++++ DATA PROVIDED

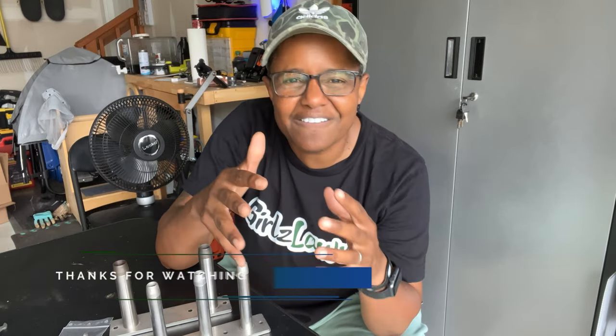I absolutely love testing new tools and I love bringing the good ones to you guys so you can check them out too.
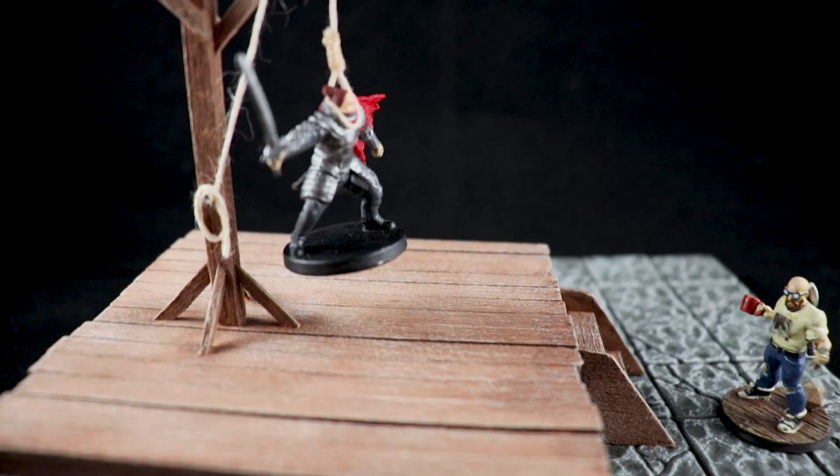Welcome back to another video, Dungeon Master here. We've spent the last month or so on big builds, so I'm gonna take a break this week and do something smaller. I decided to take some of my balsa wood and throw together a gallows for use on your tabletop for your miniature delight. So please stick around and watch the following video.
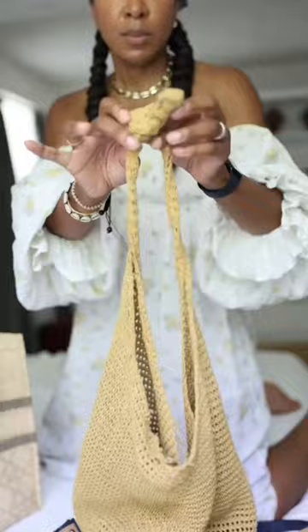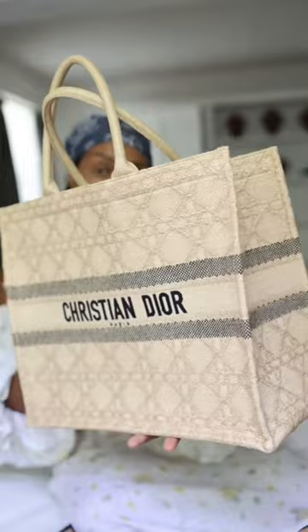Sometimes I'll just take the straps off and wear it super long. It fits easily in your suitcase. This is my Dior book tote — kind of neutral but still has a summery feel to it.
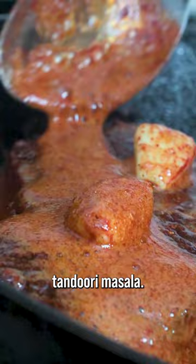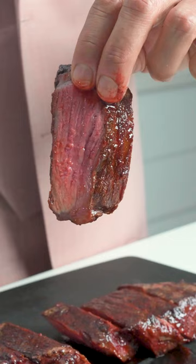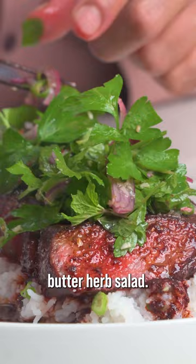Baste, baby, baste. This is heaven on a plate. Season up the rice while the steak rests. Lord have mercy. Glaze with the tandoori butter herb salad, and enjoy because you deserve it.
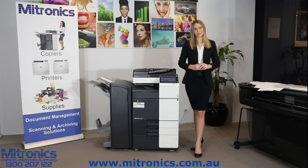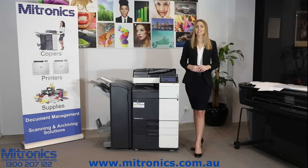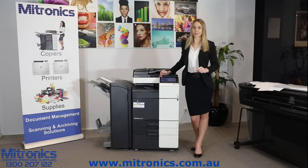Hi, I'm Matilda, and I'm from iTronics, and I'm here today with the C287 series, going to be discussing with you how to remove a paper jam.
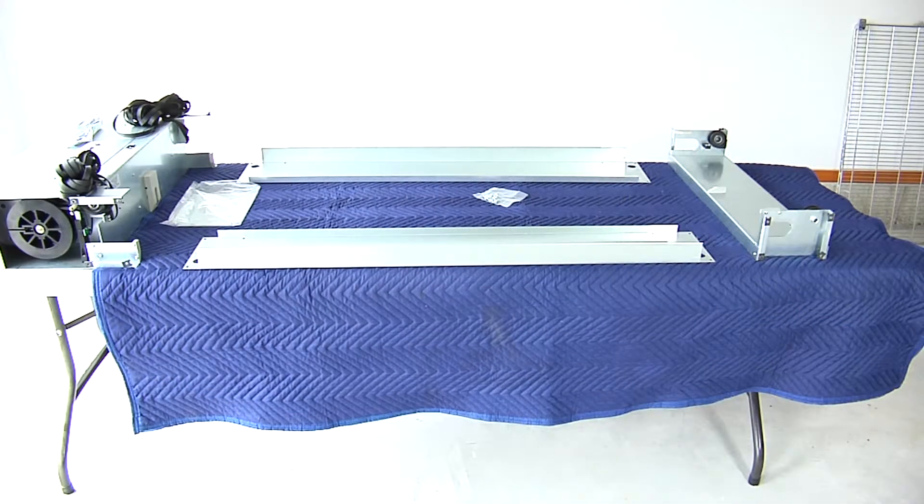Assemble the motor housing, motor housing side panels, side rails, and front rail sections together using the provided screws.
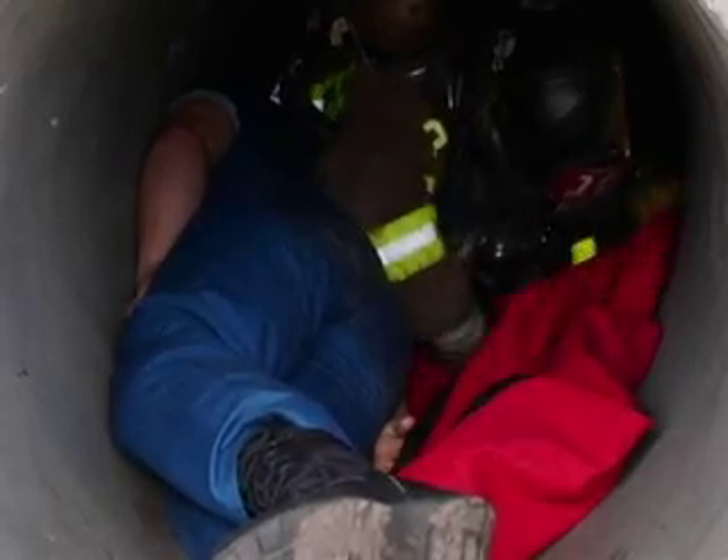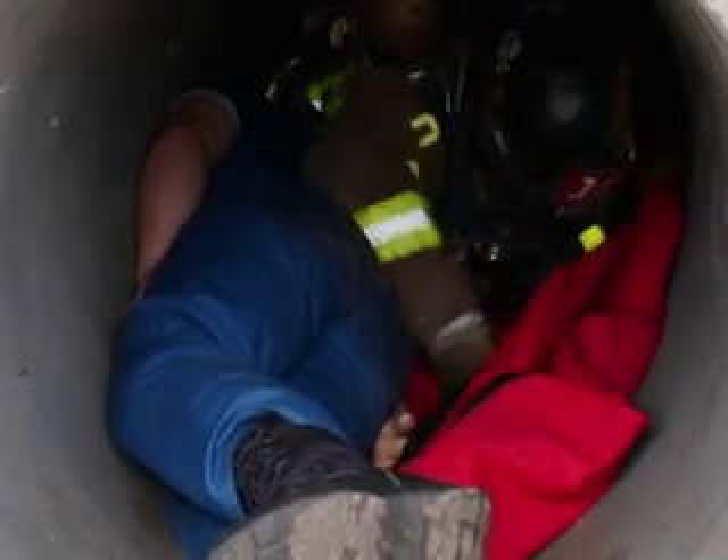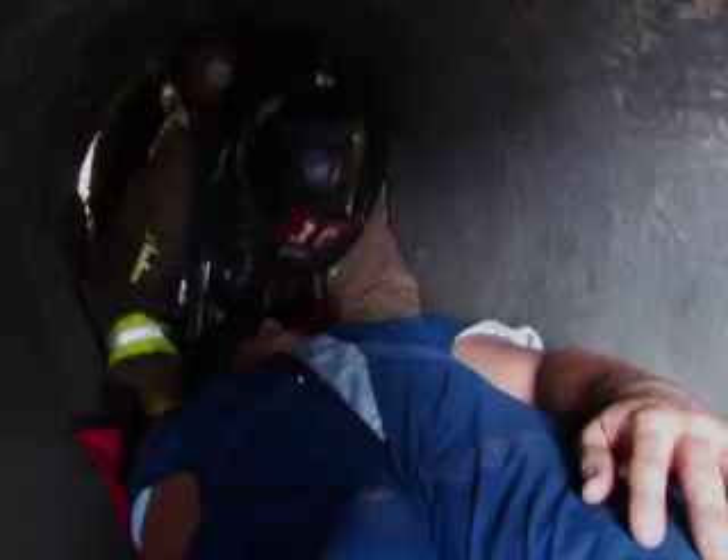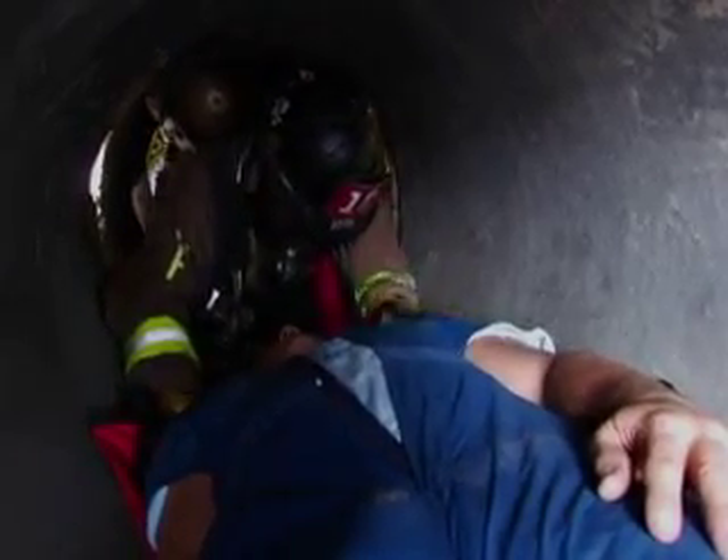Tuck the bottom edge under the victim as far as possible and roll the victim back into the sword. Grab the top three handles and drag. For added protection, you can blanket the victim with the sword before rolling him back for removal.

++++++++

• _WHAT YOU ARE ASKED TO DO_:
Out of the records above, return only the lines from the one with "Sometimes I'll just" through the one with "Assemble the motor", exactly, and none of the pictures.

• _YOUR RESPONSE_:
Sometimes I'll just take the straps off and wear it super long. It fits easily in your suitcase. This is my Dior book tote — kind of neutral but still has a summery feel to it.
Baste, baby, baste. This is heaven on a plate. Season up the rice while the steak rests. Lord have mercy. Glaze with the tandoori butter herb salad, and enjoy because you deserve it.
Hi, I'm Matilda, and I'm from iTronics, and I'm here today with the C287 series, going to be discussing with you how to remove a paper jam.
Assemble the motor housing, motor housing side panels, side rails, and front rail sections together using the provided screws.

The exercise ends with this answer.